• TASK STATEMENT
For the records below, please print exactly and only the lines from the one with "this 300×200 image." down to the one with "this 640×480 image.", both ends included, omitting the pictures.

• TASK DATA
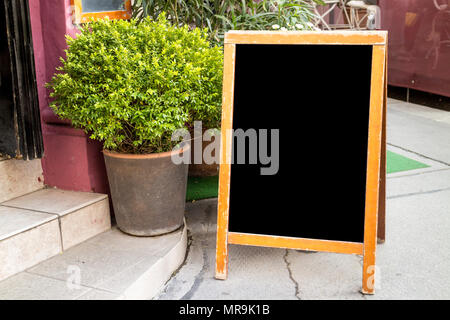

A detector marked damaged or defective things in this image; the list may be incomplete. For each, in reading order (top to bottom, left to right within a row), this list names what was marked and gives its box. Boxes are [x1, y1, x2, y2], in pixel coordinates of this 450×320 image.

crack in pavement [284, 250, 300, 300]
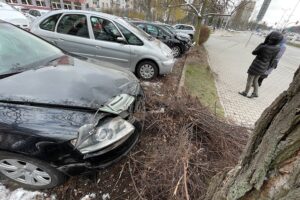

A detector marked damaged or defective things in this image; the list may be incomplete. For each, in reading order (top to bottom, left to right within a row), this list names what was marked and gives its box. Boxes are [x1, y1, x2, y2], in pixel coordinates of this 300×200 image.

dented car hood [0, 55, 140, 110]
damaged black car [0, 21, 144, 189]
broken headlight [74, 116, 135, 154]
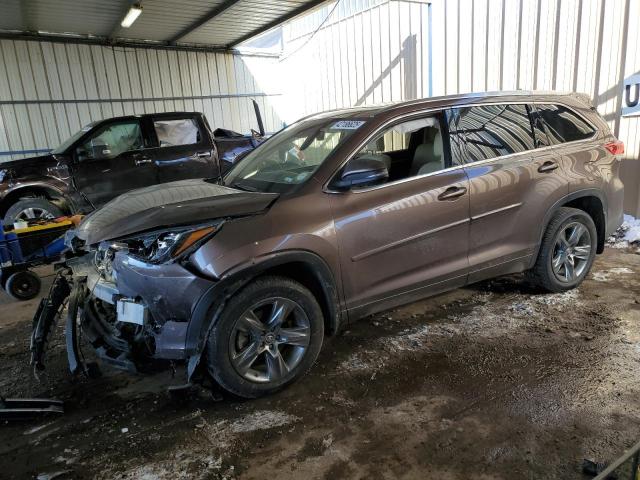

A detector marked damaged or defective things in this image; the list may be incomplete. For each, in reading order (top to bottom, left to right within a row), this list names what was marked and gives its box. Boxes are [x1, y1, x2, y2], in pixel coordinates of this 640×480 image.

==

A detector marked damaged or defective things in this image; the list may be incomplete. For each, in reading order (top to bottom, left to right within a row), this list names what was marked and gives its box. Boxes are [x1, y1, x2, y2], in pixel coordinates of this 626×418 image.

• EXERCISE RESULT
A detector marked damaged or defective things in this image; the list may be incomplete. For each, in reading order (top to bottom, left to right within a row), this list names what was marked and gives its box. Boxes are [x1, y1, x2, y2], in pixel coordinates of this 300×200 image.

dented car hood [0, 55, 140, 110]
damaged black car [0, 21, 144, 189]
broken headlight [74, 116, 135, 154]

A detector marked damaged or defective things in this image; the list may be incomplete. For each, in reading order (top to bottom, left to right within a row), this list names what was marked and gives its box. Boxes are [x1, y1, x2, y2], in pixel coordinates of this 640×480 image.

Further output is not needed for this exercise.